2016-04-12

UTF-8 Character in C

Talking about UNICODE, UTF-8 format is widely used. But there is not native supporting in C language. So, how to deal with it?

For C programming, we usually use one byte as a character (type char). UTF-8 is variable-length encoding, it also includes the ASCII characters from 0x00 to 0x7F. This feature makes it the best solution to be compatible with traditional text files.

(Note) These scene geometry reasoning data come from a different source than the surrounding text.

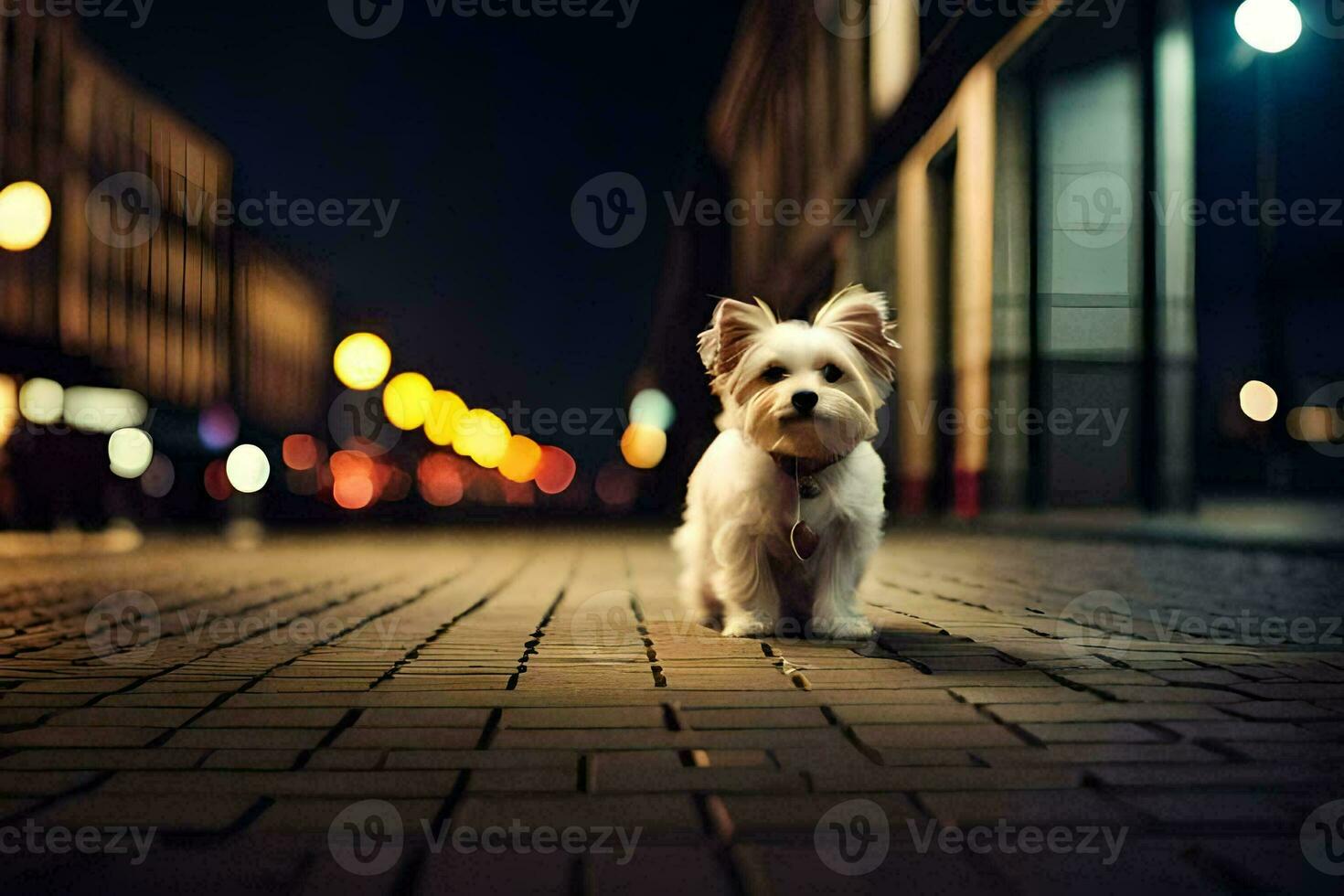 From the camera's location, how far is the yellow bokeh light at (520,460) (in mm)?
95944

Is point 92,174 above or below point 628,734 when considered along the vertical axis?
above

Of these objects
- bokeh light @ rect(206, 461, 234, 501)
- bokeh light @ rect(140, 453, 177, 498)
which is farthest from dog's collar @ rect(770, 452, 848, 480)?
bokeh light @ rect(206, 461, 234, 501)

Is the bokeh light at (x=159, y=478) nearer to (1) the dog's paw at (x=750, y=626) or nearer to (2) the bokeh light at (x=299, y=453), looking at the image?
(2) the bokeh light at (x=299, y=453)

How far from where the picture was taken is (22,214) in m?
16.8

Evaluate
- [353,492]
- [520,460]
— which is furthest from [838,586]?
[520,460]

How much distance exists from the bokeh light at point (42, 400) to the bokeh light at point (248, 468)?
315 centimetres

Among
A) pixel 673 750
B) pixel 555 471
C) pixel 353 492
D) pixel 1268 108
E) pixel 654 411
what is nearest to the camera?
pixel 673 750

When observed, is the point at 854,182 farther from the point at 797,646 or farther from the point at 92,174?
the point at 92,174

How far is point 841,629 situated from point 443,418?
161ft

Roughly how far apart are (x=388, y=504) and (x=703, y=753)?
3369 centimetres

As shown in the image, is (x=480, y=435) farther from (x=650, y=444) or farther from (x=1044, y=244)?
(x=1044, y=244)

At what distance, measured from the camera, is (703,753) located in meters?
3.00

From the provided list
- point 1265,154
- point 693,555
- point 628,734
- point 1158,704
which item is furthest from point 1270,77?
point 628,734

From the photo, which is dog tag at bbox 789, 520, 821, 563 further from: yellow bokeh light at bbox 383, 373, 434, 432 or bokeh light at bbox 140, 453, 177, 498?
bokeh light at bbox 140, 453, 177, 498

In fact, the process is pretty simple. If we can convert variable-length encoding to fixed-length then it can be easily used by font rendering system. Here is my method to get an UTF-8 character from a string and converted as 32 bits UNICODE encoding.
uint32_t utf8_getc(char* s, char** sp)
{
    uint32_t unicode = 0;

    if((*s & 0x80) == 0){
        // ASCII code 0x00 - 0x7F
        uint32_t b0 = *s++;
        unicode = b0;
    }else if((*s & 0xE0) == 0xC0){
        // 2 bytes
        uint32_t b1 = (*s++ & 0x1F);
        uint32_t b0 = (*s++ & 0x3F);
        unicode = b0 | (b0<<6);
    }else if((*s & 0xF0) == 0xE0){
        // 3 bytes
        uint32_t b2 = (*s++ & 0x1F);
        uint32_t b1 = (*s++ & 0x3F);
        uint32_t b0 = (*s++ & 0x3F);
        unicode = b0 | (b1<<6) | (b2<<12);
    }else if((*s & 0xF8) == 0xF0){
        // 4 bytes
        uint32_t b3 = (*s++ & 0x1F);
        uint32_t b2 = (*s++ & 0x3F);
        uint32_t b1 = (*s++ & 0x3F);
        uint32_t b0 = (*s++ & 0x3F);
        unicode = b0 | (b1<<6) | (b2<<12) | (b3<<18);
    }else if((*s & 0xFC) == 0xF8){
        // 5 bytes
        uint32_t b4 = (*s++ & 0x1F);
        uint32_t b3 = (*s++ & 0x3F);
        uint32_t b2 = (*s++ & 0x3F);
        uint32_t b1 = (*s++ & 0x3F);
        uint32_t b0 = (*s++ & 0x3F);
        unicode = b0 | (b1<<6) | (b2<<12) | (b3<<18) | (b4<<24);
    }else if((*s & 0xFE) == 0xFC){
        // 6 bytes
        uint32_t b5 = (*s++ & 0x1F);
        uint32_t b4 = (*s++ & 0x3F);
        uint32_t b3 = (*s++ & 0x3F);
        uint32_t b2 = (*s++ & 0x3F);
        uint32_t b1 = (*s++ & 0x3F);
        uint32_t b0 = (*s++ & 0x3F);
        unicode = b0 | (b1<<6) | (b2<<12) | (b3<<18) | (b4<<24) | (b5<<30);
    }else{
        return 0;
    }

    if(sp)
        *sp = s;

    return unicode;
}
Where, s is pointing to the string with UTF-8 characters. And sp is the address of s i.e. sp points to s. Well, by updating sp to the next UTF-8 location, this routine can be used in a loop to process the whole string.